Relationship of 10-year change in refraction to nuclear cataract and axial length findings from an older population.

Ophthalmology

Department of Ophthalmology, University of Sydney (Centre for Vision Research, Westmead Millennium Institute, Westmead Hospital), Sydney, Australia.

Published: August 2008

Purpose: To examine 10-year changes and other influences on spherical equivalent refraction (SER) in older persons.

Design: Prospective population-based study.

Participants: Three thousand six hundred fifty-four Blue Mountains Eye Study participants 49 or older at baseline (1992-1994) were observed after 5 years (2335; 75% of survivors) and 10 years (1952; 76% of survivors).
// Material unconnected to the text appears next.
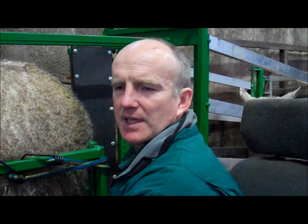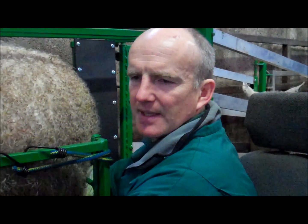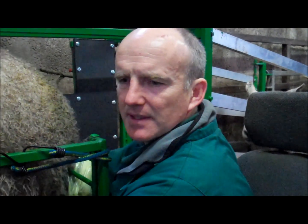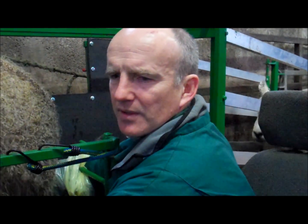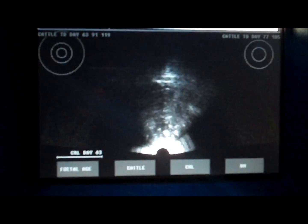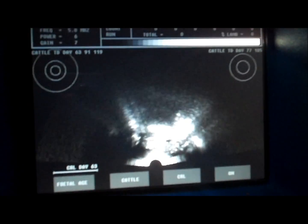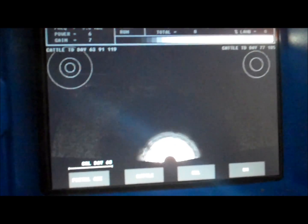The important thing for scanning sheep is to make sure you see all the uterine content. You continue the scan until you lose all the pregnancy, but still have a good contact. Then you come back — right the way back to the back of the pregnancy. One body, two bodies, right through, and out. Set of twins.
Methods: At each visit, subjective refraction was performed using modified Early Treatment Diabetic Retinopathy Study protocols. Spherical equivalent refraction was calculated as sphere + half cylinder power. Axial length was measured only at the 10-year examinations, using an IOL Master. Right phakic eyes with best-corrected visual acuity > 20/40 (n = 1340) at baseline and 10-year examinations were included.

Main Outcome Measures: Temporal refractive change.

Results: Over the decade, a hyperopic shift was observed among persons <65 years old, and a myopic shift was associated with increasing age among older subjects, with gender-adjusted mean SER changes of 0.40, 0.33, -0.02, and -0.65 diopters (D) in persons with baseline ages 49 to 54, 55 to 64, 65 to 74 and > or = 75, respectively. Apart from age, myopic refractive change was strongly associated with baseline nuclear cataract; mean changes of -0.96 and 0.26 D were observed in eyes with and without nuclear cataract, respectively (P<0.001). A birth cohort effect on refraction was also observed. After adjusting for age and nuclear cataract, baseline refractive status (P = 0.58), education (P = 0.34), and diabetes (P = 0.16) were not associated with changing SER. A 10% increase in against-the-rule astigmatism was observed over the 10-year period. Axial length showed an age-related reduction in 10-year cross-sectional data, from a mean of 23.61 mm (95% confidence interval [CI], 23.50-23.73) in 59- to 64-year-olds to a mean of 23.15 mm (95% CI, 22.83-23.47) in > or = 85-year-olds. After adjusting for age, education, and nuclear cataract, axial length measured 10 years later was not associated with change in SER (P = 0.34).

Conclusions: This longitudinal study confirms a hyperopic shift in persons younger than 65 and a myopic shift for older ages. Although underlying causes for this age-related hyperopic shift are unknown, it does not appear related to axial length. The myopic shift, however, is most likely caused by increasing nuclear cataract.